Governo recuou nas indemnizações rápidas às vítimas?
O líder parlamentar do PSD acusou António Costa, no debate quinzenal, de desautorizar Carlos César e de recuar ao criar um mecanismo mais rápido para indemnizar as vítimas mortais. Está Costa a fazer o que o PSD pede há meses?
A frase
“Ouvi ontem o seu líder parlamentar [Carlos César], esqueceu-se de lhe dar a indicação, a dizer que chumbaria a nossa iniciativa de mecanismo extrajudicial para ajudar as pessoas que mais precisavam. Porque era primeiro era preciso o Estado e os tribunais dizerem de quem era a responsabilidade.”
Hugo Soares, líder parlamentar do PSD
O líder parlamentar do PSD, Hugo Soares, tentou explorar o facto de António Costa estar a contradizer o que disse Carlos César na terça-feira, 17, à saída da conferência de líderes. Para o deputado social-democrata, PS e Governo estão a recuar em toda a linha ao propor a aceleração do que o PSD tem defendido.
Depois de recordar que, na sexta-feira, os socialistas “votaram contra esse mecanismo extrajudicial” para indemnizar as vítimas dos fogos, Hugo Soares voltou à carga no debate quinzenal com aquilo que classificou de “desautorização” do líder do Governo ao líder da bancada do PS. Lembrou que “ouviu” na terça-feira Carlos César a dizer que chumbaria esse mecanismo, ao contrário do que defendeu esta quarta-feira António Costa.
Quais são os factos?
O líder parlamentar do PSD acusa o PS e o Governo de recuarem nesta matéria. Desde logo, Hugo Soares começa por dizer que “foi na sexta-feira, ainda na sexta-feira, os senhores votaram contra esse mecanismo extrajudicial, com que o senhor agora enche a boca para dizer que vai fazer para recuperar a vida das pessoas”.
O primeiro-ministro consegue, num primeiro momento, fugir diretamente à acusação, fazendo uma divisão entre indemnizações e apoio (no sentido de intervenção rápida, mais imediato). “É preciso não confundir as indemnizações devidas por danos e os apoios de mecanismos às famílias, empresas e às pessoas”, disse o primeiro-ministro, garantindo que o apoio começou logo “no dia 18 de junho em Pedrógão Grande” quando ele e outros membros do Governo reuniram com autarcas da zona.

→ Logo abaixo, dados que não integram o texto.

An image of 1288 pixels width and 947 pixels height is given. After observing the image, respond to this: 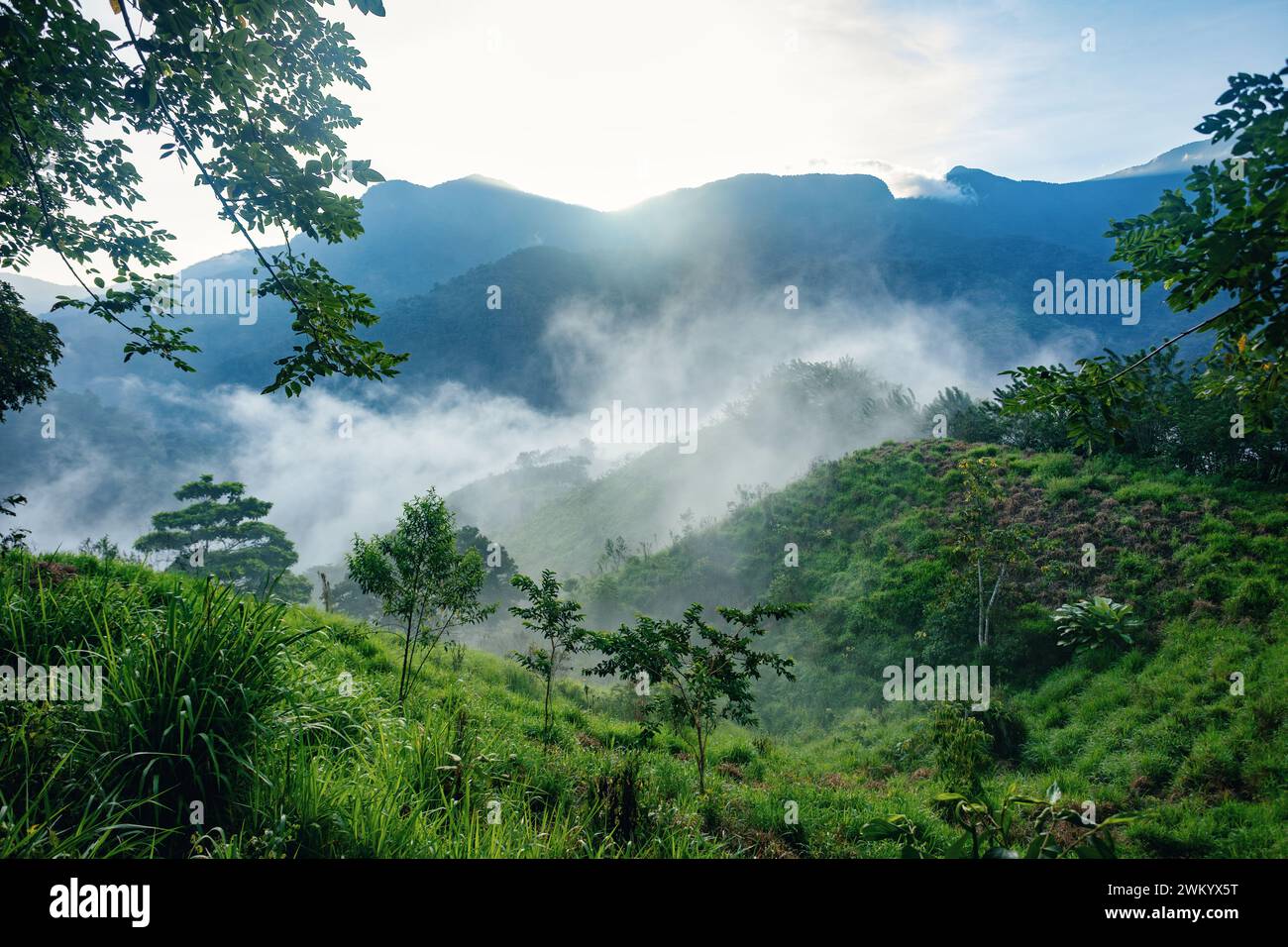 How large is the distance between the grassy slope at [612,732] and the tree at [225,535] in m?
34.0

Mas Hugo Soares insistiu: “Não levo lições suas sobre como ajudar as pessoas. Ouvi ontem o seu líder parlamentar [Carlos César], esqueceu-se de lhe dar a indicação, a dizer que chumbaria a nossa iniciativa de mecanismo extrajudicial para ajudar as pessoas que mais precisavam. Porque era primeiro era preciso o Estado e os tribunais dizerem de quem era a responsabilidade. O senhor primeiro-ministro acaba de o desautorizar hoje. Porque dava-lhe jeito vir ao Parlamento fazer esse número”. Voltava, assim, mais uma vez à acusação de recuo do Governo. Com um propósito político: mostrar a inação do Governo, a lentidão na gestão do processo e em cuidar dos familiares das vítimas.

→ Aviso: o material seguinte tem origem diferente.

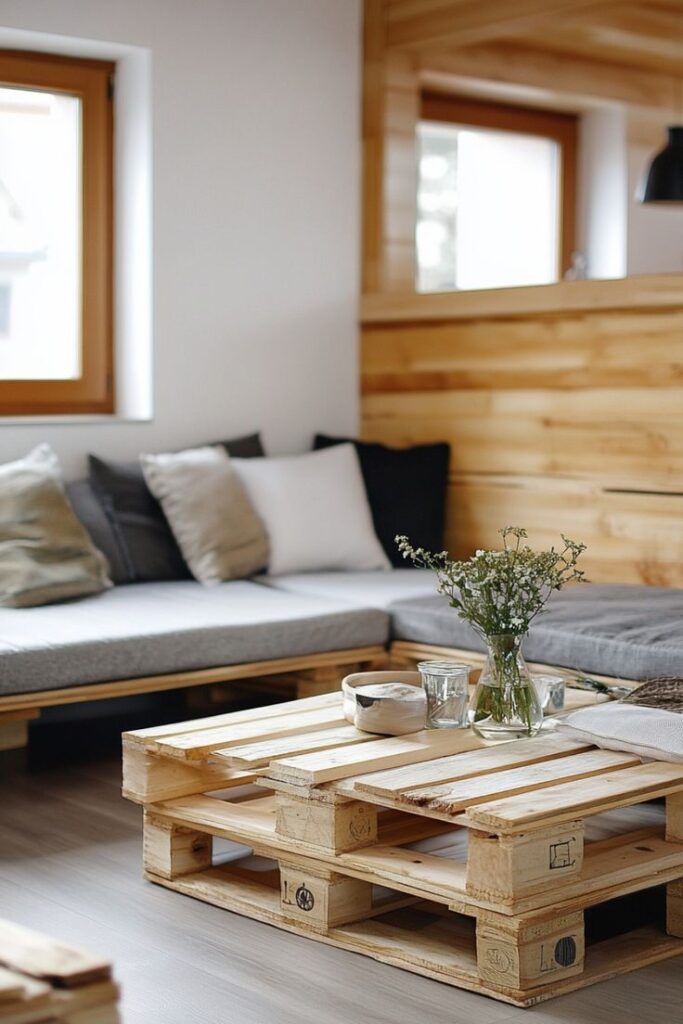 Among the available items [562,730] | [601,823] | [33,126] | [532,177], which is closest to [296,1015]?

Costa não admitiu diretamente o recuo. O primeiro-ministro lembrou no debate quinzenal que o Parlamento tem “já para votação final global um diploma que resultou das várias iniciativas legislativas e que visa, precisamente, criar um mecanismo extrajudicial de reparação (entretanto, alguém o corrige num aparte parlamentar). Já foi aprovado? Muito bem.” Mas, continuou: “O que hoje foi dito à Associação de Famílias das Vítimas é que, relativamente às vítimas mortais, estamos disponíveis para acrescentar um mecanismo que permita agilizar toda a assunção dessas responsabilidades“. Pouco depois, em resposta a Jerónimo de Sousa, António Costa voltou a reiterar que o que propôs esta quarta-feira à associação foi um “mecanismo complementar relativamente às vítimas mortais, que permitisse ter um tratamento mais célere e mais diferenciado.”
Para analisar se houve recuo do PS e do Governo é preciso puxar a fita atrás. Logo a 4 de julho, o líder do PSD, Pedro Passos Coelho, anunciou que o partido ia procurar apoios no Parlamento para avançar com indemnizações rápidas às famílias. “Não há nenhuma razão para as pessoas ficarem à espera das conclusões dos relatórios e saber se o Estado tem ou não a ver com a concessionária que gere aquelas estradas, não temos de obrigar as pessoas e as famílias a passar por esse calvário”, defendeu então Passos Coelho.
Pedrógão Grande. PSD vai procurar apoio para avançar com indemnizações rápidas
Surgiu então uma estranha coligação: PSD e CDS uniram-se ao PCP para legislar neste sentido. A 1 de agosto, juntou-se ainda o Bloco de Esquerda. Era uma espécie de todos contra o PS. Mas o diploma não visava apenas as vítimas mortais, pois considerava “vítimas dos incêndios as pessoas que tenham sido direta ou indiretamente afetadas na sua saúde, física ou mental, nos seus rendimentos ou no seu património”. O mesmo diploma pedia “mecanismos céleres de identificação das perdas e de indemnização às vítimas dos incêndios”. E até tinha um prazo: seis meses.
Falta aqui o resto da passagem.